Dennis, who has also received fellowships from the
Guggenheim Foundation and the National Endowment for the Arts during his career, says his lifelong connection to poetry lies in how it makes him feel, as much as
in how he’s reached others with his work.
“Poetry gave me so much pleasure and a sense of
fulfillment,” he says. “I wanted to see if I could make it
my central concern, and it’s become my calling and what
gives my life meaning. It’s the most intimate of all the
verbal arts because you’re so present in reading it and,
when it works, it has the kind of intimacy that’s rare.”

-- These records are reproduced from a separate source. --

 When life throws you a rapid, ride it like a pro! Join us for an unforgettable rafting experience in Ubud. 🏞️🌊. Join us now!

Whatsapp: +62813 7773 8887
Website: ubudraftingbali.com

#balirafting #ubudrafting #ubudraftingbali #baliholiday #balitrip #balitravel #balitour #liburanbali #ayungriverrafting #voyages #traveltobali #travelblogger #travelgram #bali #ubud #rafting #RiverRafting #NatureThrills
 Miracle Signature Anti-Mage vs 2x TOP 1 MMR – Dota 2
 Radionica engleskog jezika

Dennis, who lives in Buffalo, New York, feels a strong
connection to his time at the U of M. “The teachers just
cared so deeply and wanted to be helpful when it came
to your future,” says Dennis, who earned his bachelor’s in English from the University. “They
[introduced us to] very interesting
people to help you grow. Samuel
Monk, for example, was an 18th-century
scholar. He wasn’t a writer himself but
an important critic and he made you
feel poetry was to be taken seriously.
“It was also fellow students. Burton
Weber (Ph.D. ’65) was a graduate student in English. He became a Miltonist,
a student of Milton, and shared my
sense of the importance of poetry.”
Dennis also remembers the writings of William Butler Yeats being a major influence on him during his college years. “It wasn’t one poem, but the way he took writing and made writing his own vocation,” Dennis says. “The way he was present—there was a human being behind every word, and I felt I’d like to see if I could also do that.”

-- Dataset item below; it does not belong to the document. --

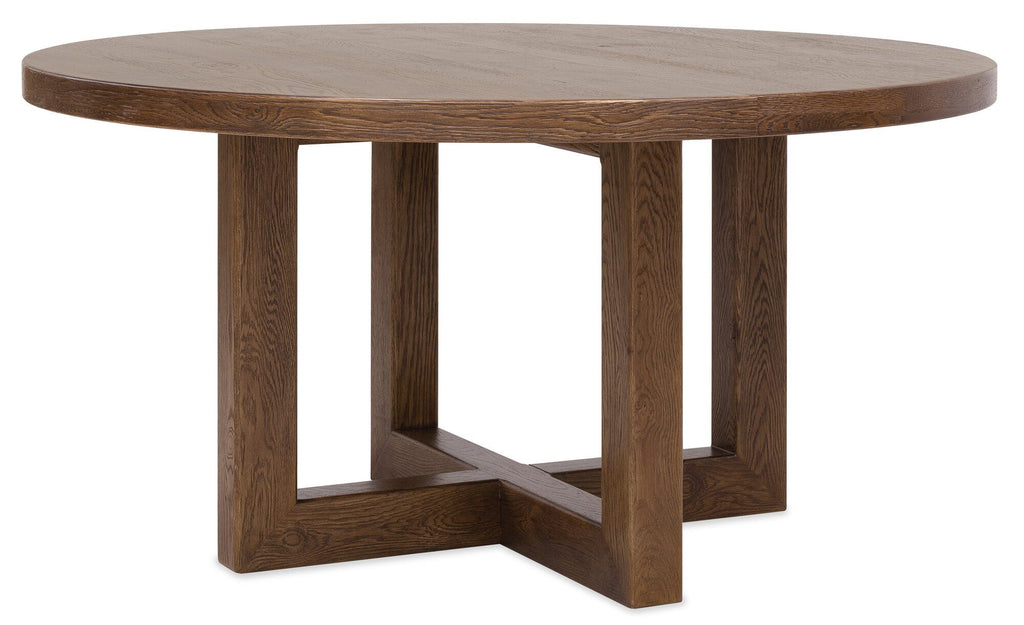 Driftwood 60" Round Dining Table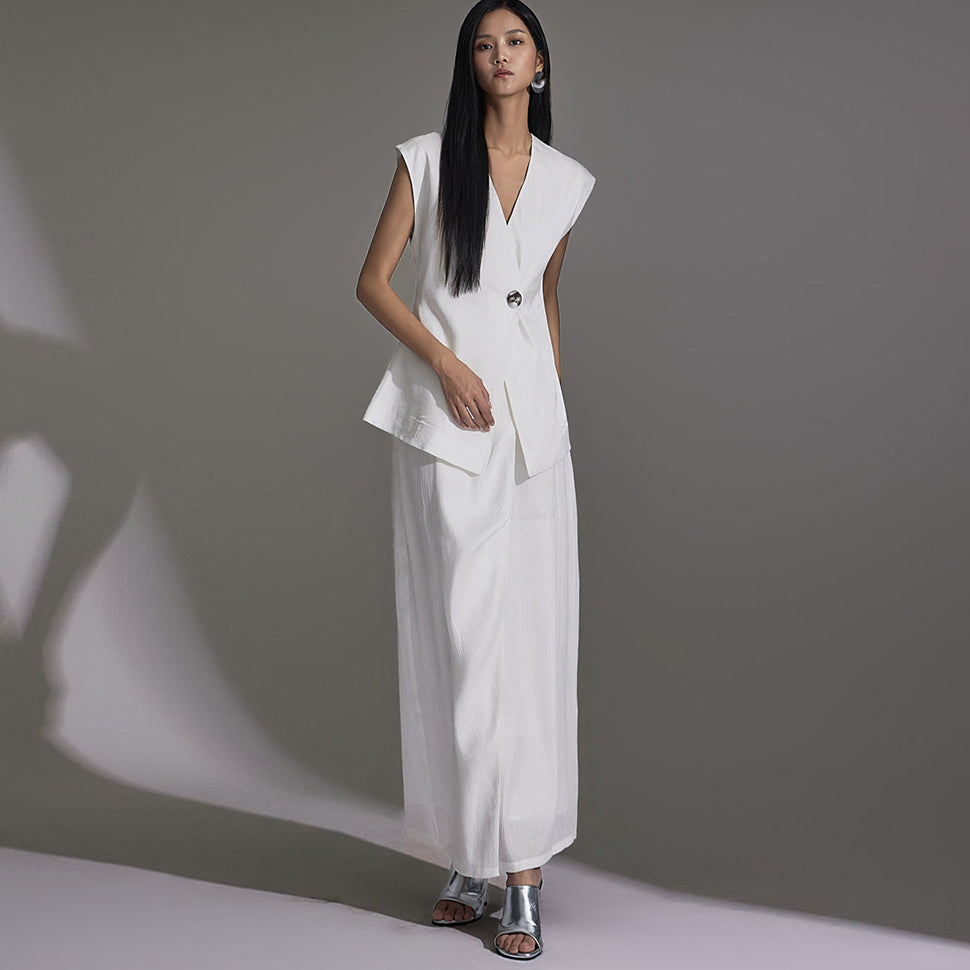 SK2725 スリット入りスカート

Dennis says he has seen poetry
change over the years, but it retains what he feels is
important consistency, as well.
“You still look for the same theme of an original voice
that is speaking to us directly,” he says. “It’s still so much
about intelligence and passion, feeling the poet is taking
what they are saying seriously. You still find poetry that
is one subject connected to other subjects. I think all of
this has been true and is still true.”
He also loves how poetry moves people through so
many times in history. “I always remember that Emerson
said that he wrote for the unknown friend,” Dennis
relates. “It’s one to one…. And I’m so glad to say it still
reaches people.”
His latest book of poetry, Earthborn (Penguin Random
House), came out in March and focuses on the fragility
of the natural world.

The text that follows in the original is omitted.